You can also download a PDF copy of this study guide.
Know how to conduct the three kinds of tests that we discussed that use the \(X^2\) test statistic: the goodness-of-fit test, the test of independence, and McNemar’s test. This includes the statement of the null and alternative hypotheses, calculation of the test statistic, calculation of the p-value, and the decision.
Know how to compute expected counts for a goodness-of-fit test and a test of independence.
Know how to compute the \(X^2\) test statistic using observed and expected counts.
Know how to compute the \(p\)-value using the \(\chi^2\) sampling distribution.
What does it mean to say that two variables are independent?
The test statistic \[ z = \frac{\hat{p}-p}{\sqrt{p(1-p)/n}} \] can sometimes be used instead of the \(X^2\) test statistic for a goodness-of-fit test. What is the relationship between the \(z\) and \(X^2\) test statistics? What is the limitation of the \(z\) test statistic?
The test statistic \[ z = \frac{\hat{p}_1-\hat{p}_2}{\sqrt{\hat{p}(1-\hat{p})(1/n_1 + 1/n_2)}}. \] can sometimes be used instead of the \(X^2\) test statistic for a test of independence. What is the relationship between the \(z\) and \(X^2\) test statistics? What is the limitation of the \(z\) test statistic?
What is the purpose of a mark-recapture study?
How do you compute the Lincoln-Petersen estimator? What does it estimate?

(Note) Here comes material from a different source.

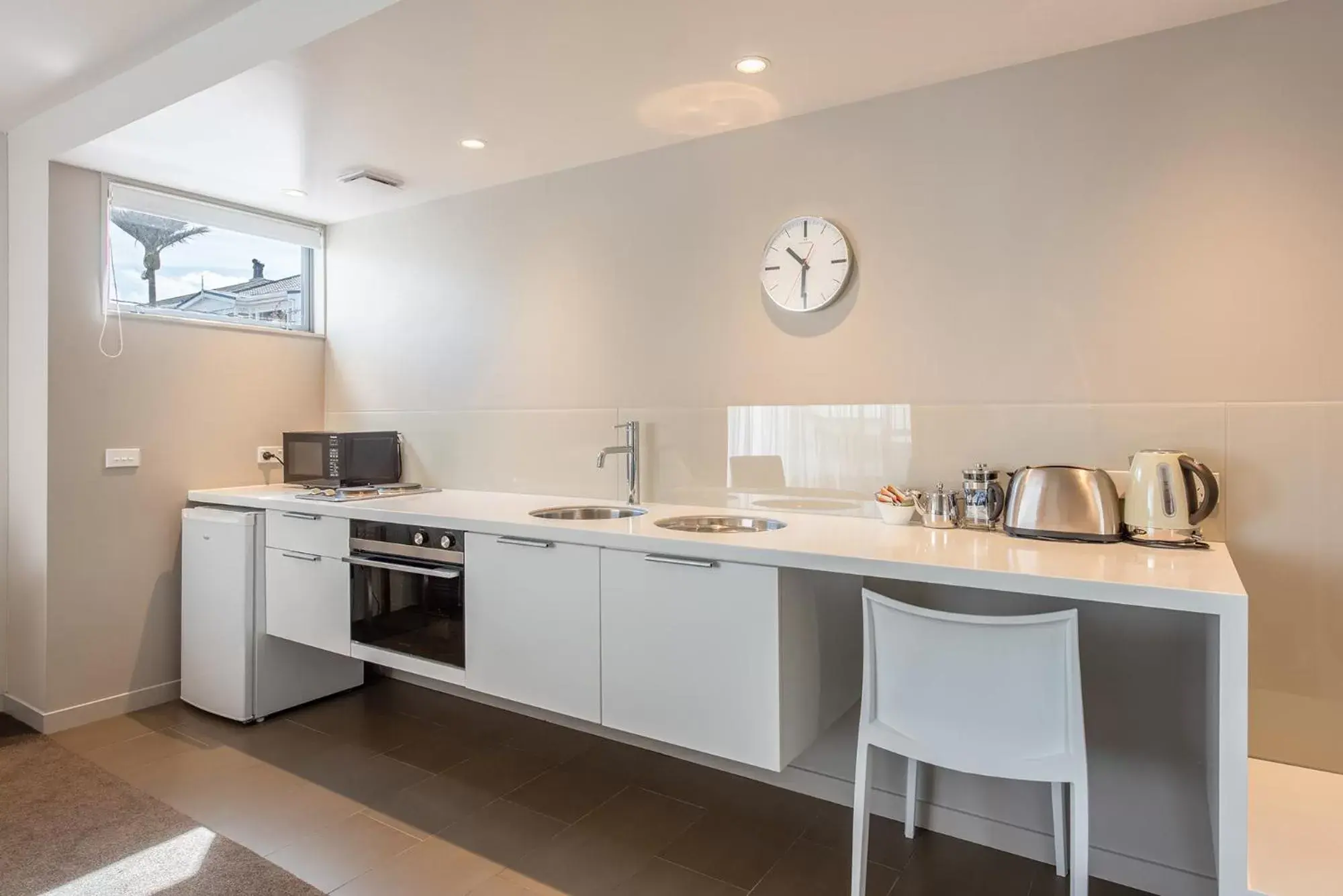 Kitchen/Kitchenette in Apollo Lodge Motel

Understand the importance of independence of inclusion/exclusion within the two samples in the context of a mark-recapture study, and how this assumption might be violated.
What are direct sampling and inverse sampling in the context of a mark-recapture study? Why is the distinction between these two kinds of sampling important?
Understand the purpose and calculation of Cramer’s V.
What is Simpson’s paradox, Berkson’s paradox, the ecological fallacy, a suppressor variable, and a spurious relationship?
Formulas/expressions you should understand when and how to use.
\[ X^2 = \sum \frac{(\text{observed count} - \text{expected count})^2}{\text{expected count}} \] \[ \text{expected count} = \text{probability} \times n \] \[ \text{expected count} = \frac{R \times C}{T} \] \[ \text{df} = \text{number of categories} - 1 \] \[ \text{df} = (r-1)(c-1) \] \[ \hat{N} = \frac{n_1n_2}{m} \] \[ \text{standard error} = \sqrt{\frac{n_1n_2(n_1-m)(n_2-m)}{m^3}} \] \[ \text{standard error} = \sqrt{\frac{n_1^2n_2(n_2-m)}{m^2(m+1)}} \] \[ V = \sqrt{\frac{X^2/n}{\min(r-1,c-1)}} \] \[ X^2 = \frac{(O_{bl}-O_{tr})^2}{O_{bl} + O_{tr}} \]